These destructive insects are often found feeding in large numbers on pumpkins, cucumbers and winter squash. Here’s how to get rid of squash bugs using proven, organic methods.
for Squash Bugs
Well known and widely distributed in North America, the squash bug (Anasa tristis) is a potential problem on all vegetable crops in the cucurbit family. They are often found in large numbers and tend to congregate in clusters on leaves, vines and fruits. Injury is caused by both nymphs and adults sucking sap from the foliage and vines of squash, pumpkins, cucumbers and other closely related plants. As they feed, they inject a toxic substance that causes host plants to wilt. When feeding is severe the leaves become black and crisp and die back. This condition is often referred to as “anasa wilt” which closely resembles bacterial wilt, a true plant disease. Smaller plants may be killed, while larger plants often recover once feeding stops. Heavy infestations may prevent fruit from forming.

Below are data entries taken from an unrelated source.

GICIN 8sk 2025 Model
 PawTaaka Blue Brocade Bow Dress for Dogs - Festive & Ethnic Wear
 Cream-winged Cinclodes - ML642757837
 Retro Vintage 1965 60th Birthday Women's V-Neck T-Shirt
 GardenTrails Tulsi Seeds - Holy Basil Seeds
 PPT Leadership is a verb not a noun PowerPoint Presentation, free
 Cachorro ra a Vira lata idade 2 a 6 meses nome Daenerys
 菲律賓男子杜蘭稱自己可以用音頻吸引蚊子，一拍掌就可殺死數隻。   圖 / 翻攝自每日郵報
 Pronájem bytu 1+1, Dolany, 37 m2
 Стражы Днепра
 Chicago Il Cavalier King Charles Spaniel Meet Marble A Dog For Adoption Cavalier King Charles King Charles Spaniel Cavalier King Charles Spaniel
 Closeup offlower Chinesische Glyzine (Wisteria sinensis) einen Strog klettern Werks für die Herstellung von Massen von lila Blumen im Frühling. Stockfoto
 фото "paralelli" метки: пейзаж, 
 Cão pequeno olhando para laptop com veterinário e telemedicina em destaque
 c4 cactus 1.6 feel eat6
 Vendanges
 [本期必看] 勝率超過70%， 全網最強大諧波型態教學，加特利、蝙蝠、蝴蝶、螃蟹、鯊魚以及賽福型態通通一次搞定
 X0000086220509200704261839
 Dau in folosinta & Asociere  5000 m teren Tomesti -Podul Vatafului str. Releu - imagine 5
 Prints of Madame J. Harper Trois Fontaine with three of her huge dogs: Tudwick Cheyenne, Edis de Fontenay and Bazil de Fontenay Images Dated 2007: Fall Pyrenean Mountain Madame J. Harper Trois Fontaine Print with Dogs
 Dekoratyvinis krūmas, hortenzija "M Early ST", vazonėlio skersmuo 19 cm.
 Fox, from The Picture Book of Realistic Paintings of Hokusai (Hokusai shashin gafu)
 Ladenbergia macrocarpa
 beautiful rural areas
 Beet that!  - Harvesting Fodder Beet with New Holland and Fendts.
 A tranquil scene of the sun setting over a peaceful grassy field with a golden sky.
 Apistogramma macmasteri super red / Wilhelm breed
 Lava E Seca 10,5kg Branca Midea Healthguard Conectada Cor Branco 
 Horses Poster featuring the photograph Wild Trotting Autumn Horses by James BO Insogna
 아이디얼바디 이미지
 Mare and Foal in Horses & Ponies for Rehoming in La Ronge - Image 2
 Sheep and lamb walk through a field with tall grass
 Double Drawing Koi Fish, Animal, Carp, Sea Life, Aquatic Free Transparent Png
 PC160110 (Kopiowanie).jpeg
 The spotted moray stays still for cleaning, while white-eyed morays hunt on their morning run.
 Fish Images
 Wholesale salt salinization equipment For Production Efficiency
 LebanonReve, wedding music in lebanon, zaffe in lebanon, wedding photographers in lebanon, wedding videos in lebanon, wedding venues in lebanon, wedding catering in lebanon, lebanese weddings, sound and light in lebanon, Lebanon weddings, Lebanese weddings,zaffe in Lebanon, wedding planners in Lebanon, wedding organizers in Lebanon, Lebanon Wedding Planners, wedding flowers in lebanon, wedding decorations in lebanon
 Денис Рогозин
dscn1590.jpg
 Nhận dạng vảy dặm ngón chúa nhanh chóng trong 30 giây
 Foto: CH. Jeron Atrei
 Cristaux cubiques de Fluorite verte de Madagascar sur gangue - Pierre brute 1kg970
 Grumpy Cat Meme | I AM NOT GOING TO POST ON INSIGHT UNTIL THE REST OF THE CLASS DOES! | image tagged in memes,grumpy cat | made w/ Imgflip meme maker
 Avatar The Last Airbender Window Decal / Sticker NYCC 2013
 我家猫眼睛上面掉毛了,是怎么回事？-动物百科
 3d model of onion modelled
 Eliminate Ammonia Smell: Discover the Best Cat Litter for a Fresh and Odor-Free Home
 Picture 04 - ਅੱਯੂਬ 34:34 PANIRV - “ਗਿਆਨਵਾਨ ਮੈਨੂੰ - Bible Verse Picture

Adults (5/8 inch long) are dark brown or gray in color which keeps them well camouflaged around plants. Known as true bugs, they have a hard shell with a long shield-like shape, two pairs of wings, and sucking mouthparts that originate from the tips of their head. Spider-like nymphs (1/10 inch long) are voracious and feed together in clusters or groups. When young they are whitish green or gray in color with red heads, legs and antennae. As they mature, they become grayish-white with dark legs.
Note: Squash bugs give off an unpleasant odor in large numbers or when crushed.
Adults overwinter and seek shelter under dead leaves, vines, rocks and other garden debris. As temperatures begin to warm in the spring (late May and early June), squash bugs emerge and fly into gardens where they feed and mate. Egg laying soon begins and continues until midsummer with females depositing small brown eggs usually on the undersides of leaves. Eggs hatch in one to two weeks and the young nymphs disperse quickly to feed. Nymphs pass through 5 instars requiring up to 6 weeks to develop into adults. There is typically one generation per year.
Note: Because of the long egg laying period, all stages of this garden pest occur throughout the summer.
How to Control
- Plant resistant varieties when available.
- If only a few plants are affected, handpick all stages from the undersides of leaves.
- Place boards or shingles on the ground near host plants. Used as a nighttime shelter, they make excellent traps for morning collecting.
- Floating row covers (Harvest-Guard®) are extremely effective when placed on seedlings and left in place until plants are old enough to tolerate damage.
- Diatomaceous earth contains no toxic poisons and works quickly on contact. Dust lightly and evenly over crops wherever pests are found.
- Make 2-3 applications of Neem Oil at 7-10 day intervals. This organic insecticide works in multiple ways resulting in broad spectrum management of most insects that harm your vegetable garden. Best of all, it’s non-toxic to honey bees and many other beneficial insects.
- If pest levels become intolerable, spot treat with a fast-acting organic insecticide. For best results, apply to the undersides of leaves and deep into the plant canopy where insects hide.
- Roto-till or dispose of infested crop remnants shortly after harvest to reduce overwintering adults.
Tip: Researchers at Iowa State University found that mulching with newspaper and hay, before putting tightly secured row covers over gardens, reduced both weeds and pest numbers.